=== Section Start ===

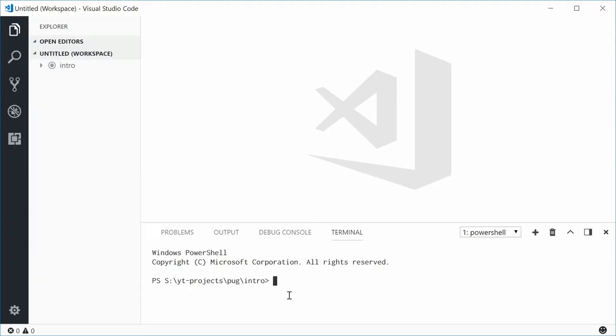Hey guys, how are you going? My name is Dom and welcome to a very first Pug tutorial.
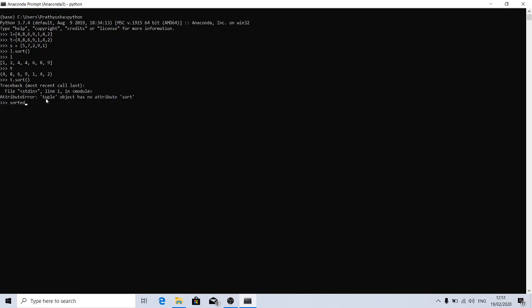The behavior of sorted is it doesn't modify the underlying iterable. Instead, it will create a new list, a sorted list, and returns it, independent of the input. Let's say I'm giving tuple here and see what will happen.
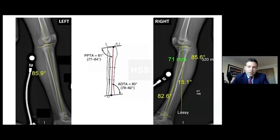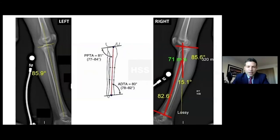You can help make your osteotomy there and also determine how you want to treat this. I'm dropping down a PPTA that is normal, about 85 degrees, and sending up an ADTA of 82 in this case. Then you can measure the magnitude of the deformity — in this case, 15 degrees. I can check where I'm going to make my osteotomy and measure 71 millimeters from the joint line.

=== Section End ===
=== Section Start ===

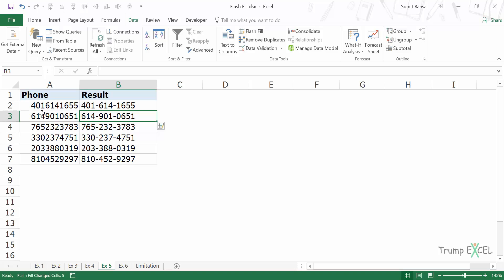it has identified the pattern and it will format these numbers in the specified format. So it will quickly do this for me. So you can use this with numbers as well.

=== Section End ===

Leaving out the pictures, please output the lines in the entries above from the one with "Hey guys, how" through the one with "The behavior of", exactly as they are.

EXPECTED ANSWER:
Hey guys, how are you going? My name is Dom and welcome to a very first Pug tutorial.
The behavior of sorted is it doesn't modify the underlying iterable. Instead, it will create a new list, a sorted list, and returns it, independent of the input. Let's say I'm giving tuple here and see what will happen.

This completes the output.